Understanding 3 Common Furnace Pilot Light Problems
If your home has a gas furnace, its steady operation relies heavily on a pilot light that remains lit at all times. Specifically, a pilot light provides the "spark" that is needed to ignite the burners each time your furnace needs to kick on. Unfortunately, problems with your pilot light can result in poor operation or even a lack of heat to your home.
By having a better understanding of common pilot light problems in gas furnaces, you may be able to more easily identify issues when they arise. From there, you can act quickly in contacting a reputable HVAC repair service.
Lack of Oxygen
A healthy pilot light flame should be mostly blue in color, although some may have a slight yellow tip. If your pilot light is burning mostly or completely yellow, there's a good chance there isn't enough oxygen getting to the flame itself. In turn, the flame will not get hot enough, which can cause your furnace to work much harder than it should have to. As you might imagine, this could lead to premature wear and tear on your furnace.
In some cases, a yellow flame could also indicate the presence of too much carbon monoxide, which can be dangerous to you and your loved ones.

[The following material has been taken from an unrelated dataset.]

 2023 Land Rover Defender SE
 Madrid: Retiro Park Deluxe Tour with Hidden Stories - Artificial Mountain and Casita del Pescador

For this reason, it's a good idea to contact an experienced HVAC repair shop if your furnace's pilot light is anything other than blue.
Pilot Light Is Out
If the pilot light on your furnace is completely out, you won't have any heat at all. Depending on how comfortable you are with re-lighting your own pilot light, this is something you may be able to tackle without help from a professional. Just be sure to use your furnace owner's manual and follow all safety instructions for re-lighting it. If the pilot light continues to go out, however, it's important to call a professional for further evaluation.
Dirty Intake Valve
Over time, debris and dust can build up on your pilot light's intake valve. This can result in a lack of oxygen getting to the flame itself, which may cause the light to go out or to burn inefficiently. The best way to keep the intake valve clean is to schedule annual tune-ups, as a cleaning of the valve is typically included as part of your tune-up. You can also cut down on debris around this valve by changing your furnace air filter regularly.
Pilot light issues are relatively common in gas furnaces, but the good news is that they're usually a relatively easy fix. Just be sure to turn to a professional furnace repair expert to address these problems.